**What to do:**
Please repeat every entry exactly as given, apart from dropping the images.

━━━━

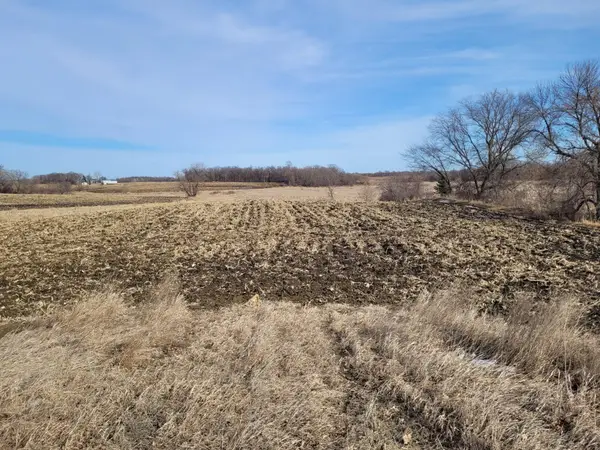 XXXX County Road 7 Nw, Maple Lake, MN 55358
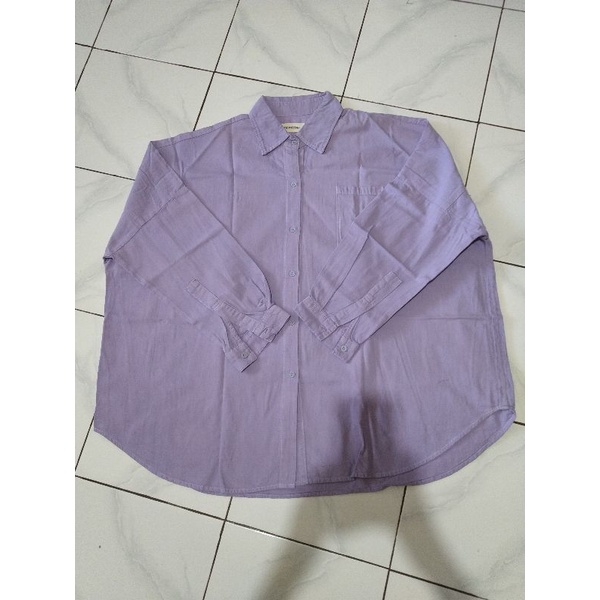 Preloved Myrubylicious DAGESTAN COLOUR OVERSIZED DENIM SHIRT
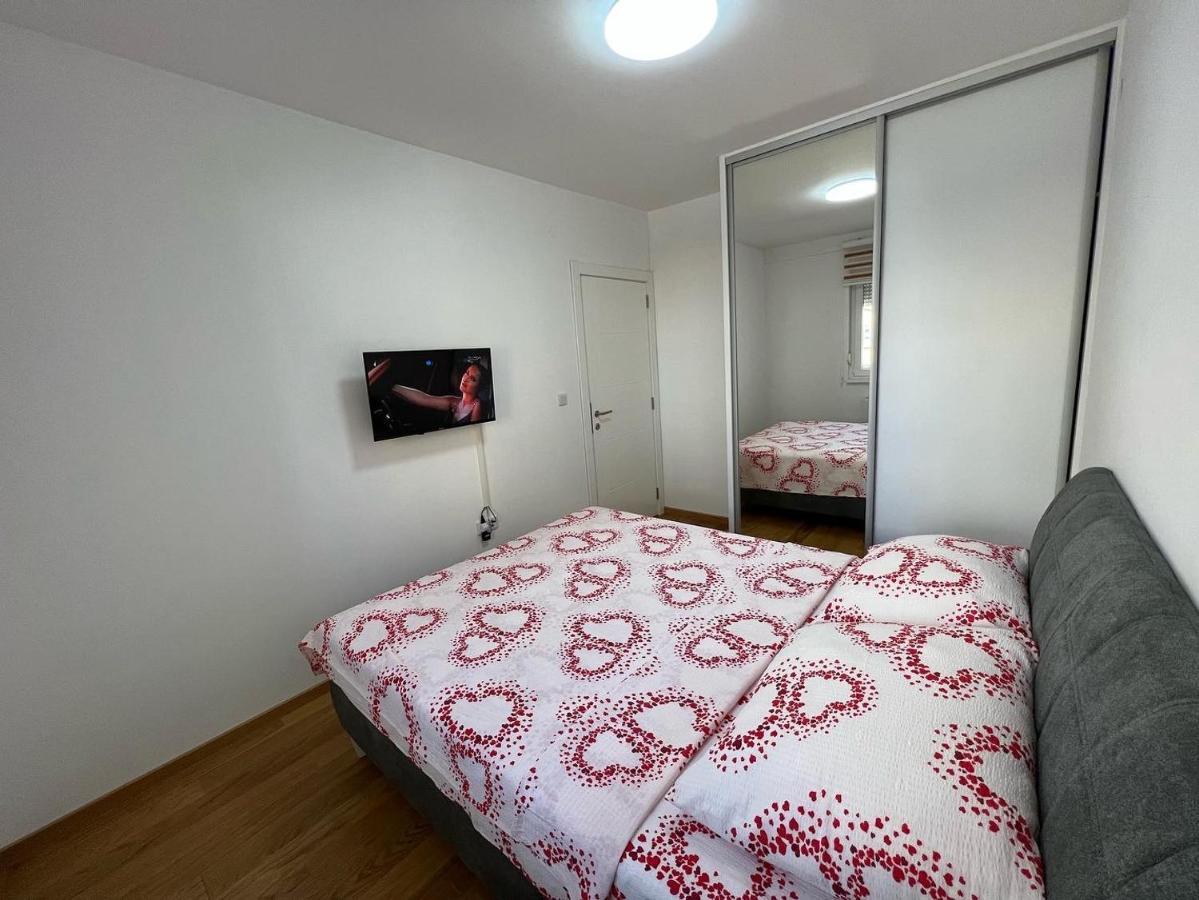 Appartamento Stan Na Dan Viktor-Lukavica SJJ Esterno foto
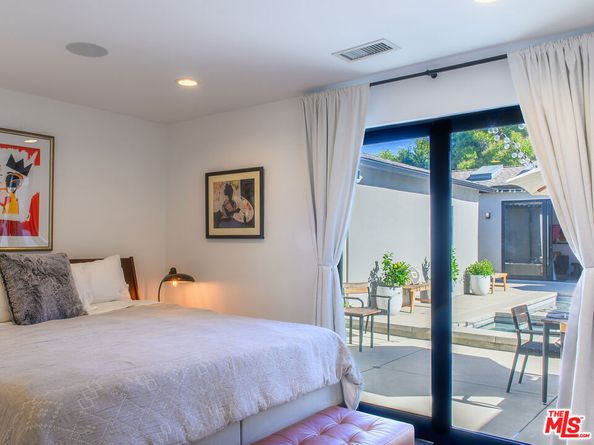 7528 Flight Avenue, Los Angeles CA 90045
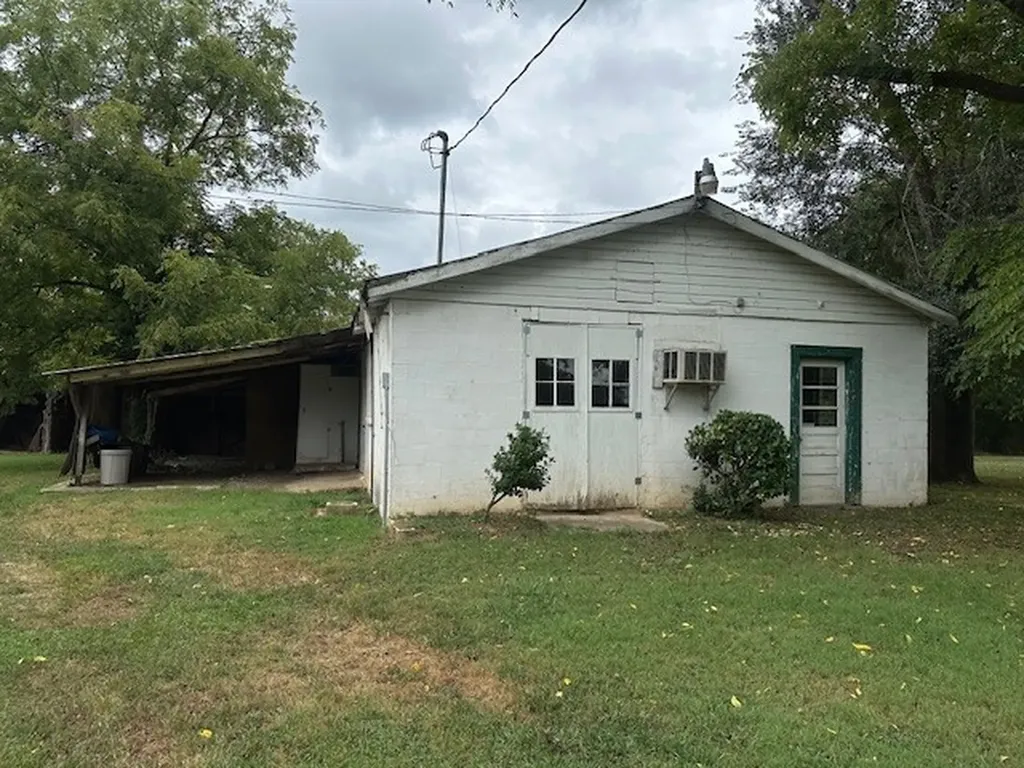 235 Old Mulberry Road Fayetteville TN 37334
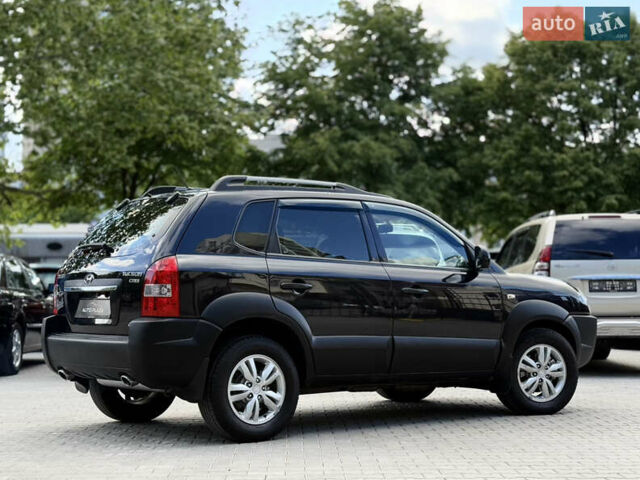 Чорний Хендай Туксон, об'ємом двигуна 1.99 л та пробігом 280 тис. км за 8900 $, фото 38 на Automoto.ua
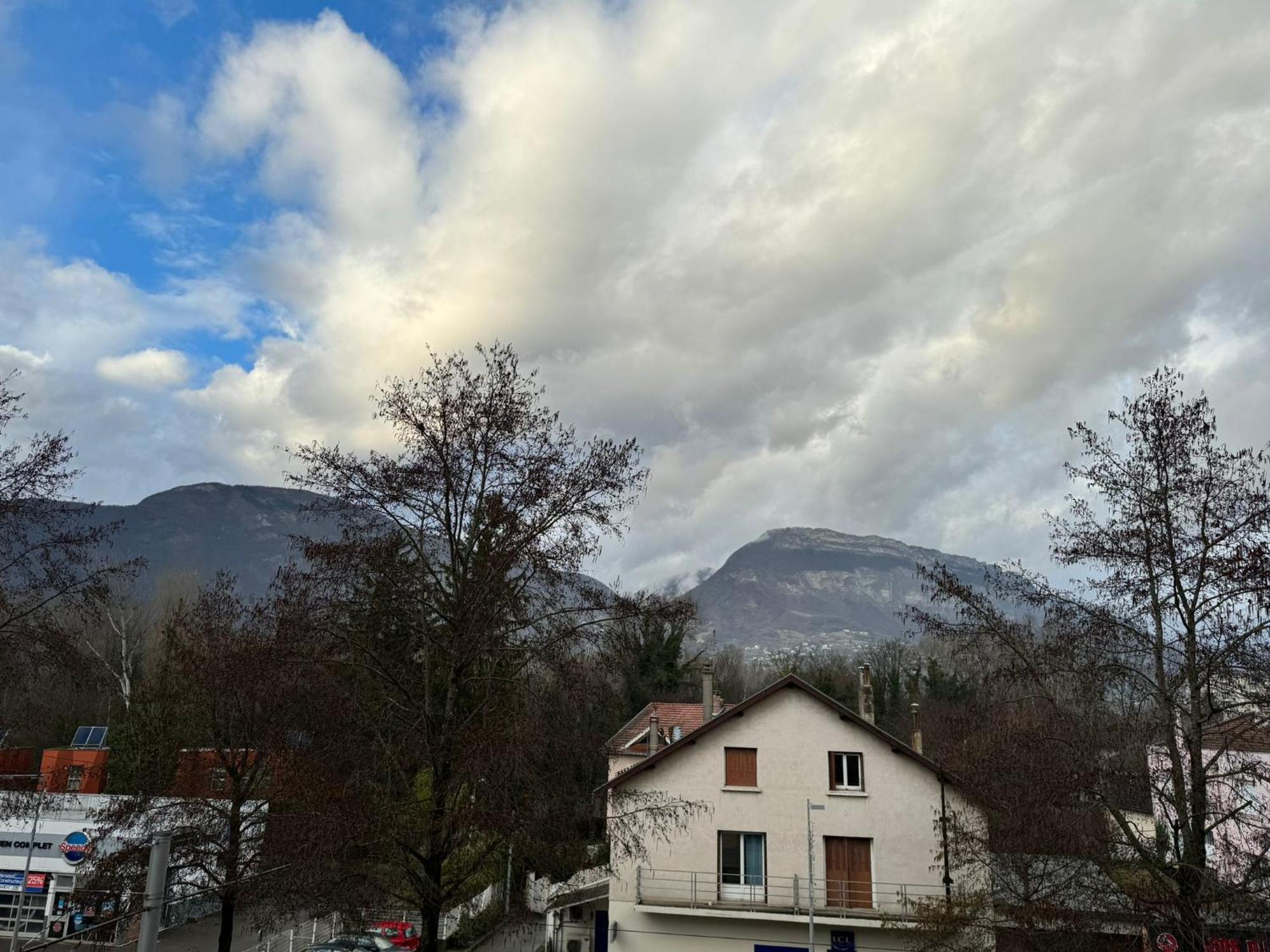 Appartement Proche Grenoble Centre Et Campus Saint-Martin-dʼHères Esterno foto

━━━━

**Result for this task:**
 XXXX County Road 7 Nw, Maple Lake, MN 55358
 Preloved Myrubylicious DAGESTAN COLOUR OVERSIZED DENIM SHIRT
 Appartamento Stan Na Dan Viktor-Lukavica SJJ Esterno foto
 7528 Flight Avenue, Los Angeles CA 90045
 235 Old Mulberry Road Fayetteville TN 37334
 Чорний Хендай Туксон, об'ємом двигуна 1.99 л та пробігом 280 тис. км за 8900 $, фото 38 на Automoto.ua
 Appartement Proche Grenoble Centre Et Campus Saint-Martin-dʼHères Esterno foto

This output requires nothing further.